## What you are asked to do
Do not include the pictures; repeat the rest of the data exactly.

## Recorded information

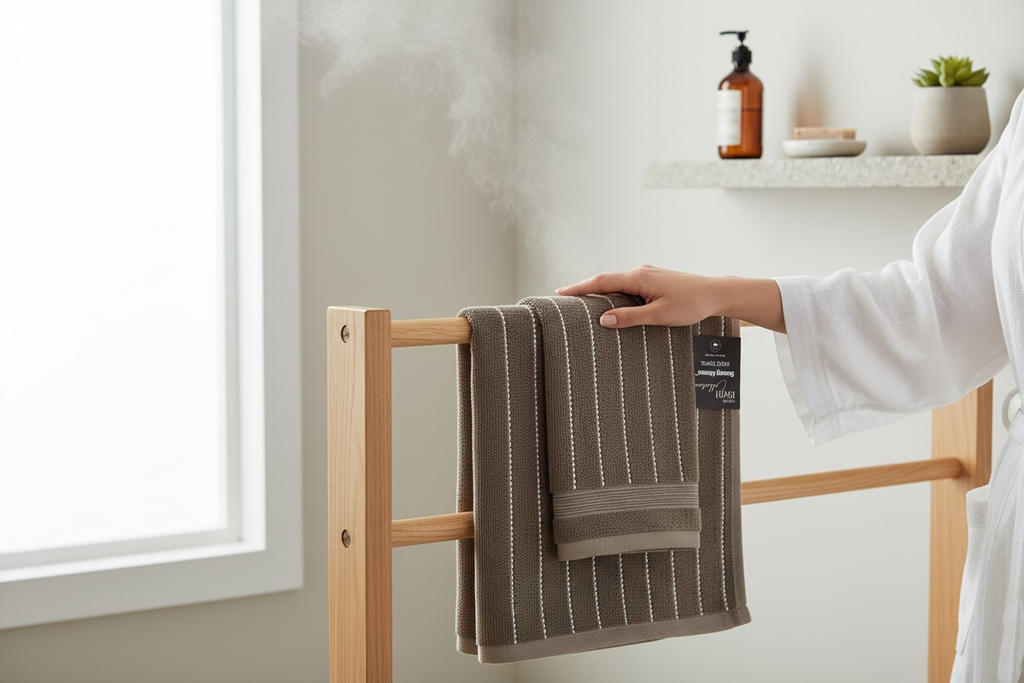 Striped Cotton Bath Towel – Soft Towel for Bathroom or Kitchen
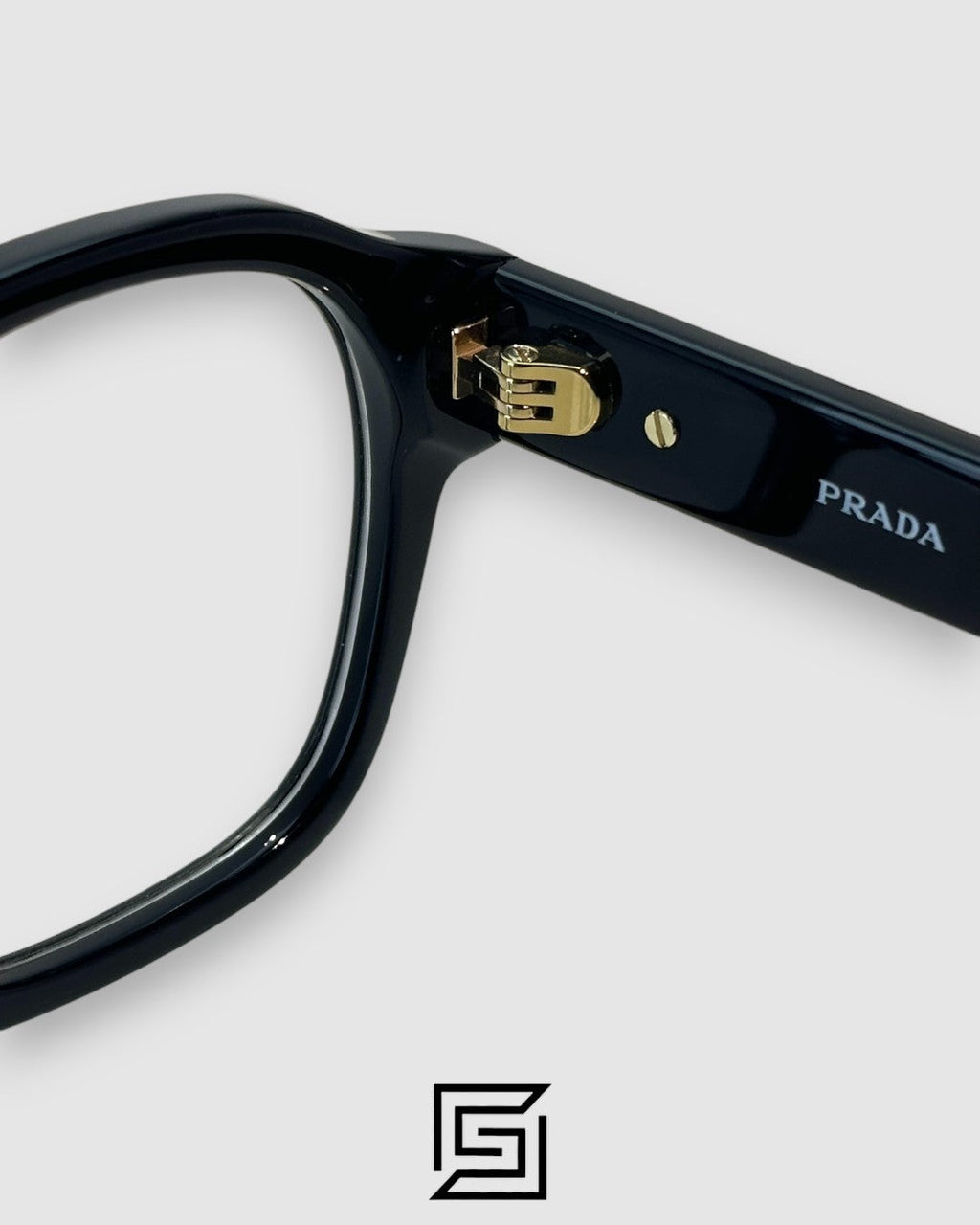 Prada SPR A16 Black Frame Gold Metal Black Lenses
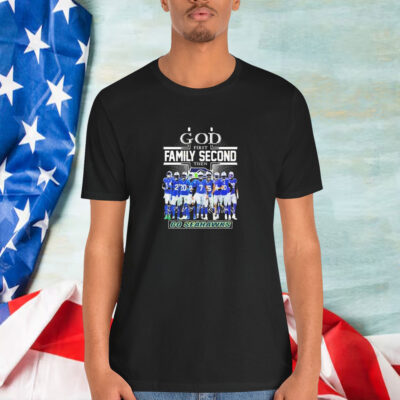 Seattle Seahawks God First Family Second Then Go Seahawks Signatures Shirt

## Written response
 Striped Cotton Bath Towel – Soft Towel for Bathroom or Kitchen
 Prada SPR A16 Black Frame Gold Metal Black Lenses
 Seattle Seahawks God First Family Second Then Go Seahawks Signatures Shirt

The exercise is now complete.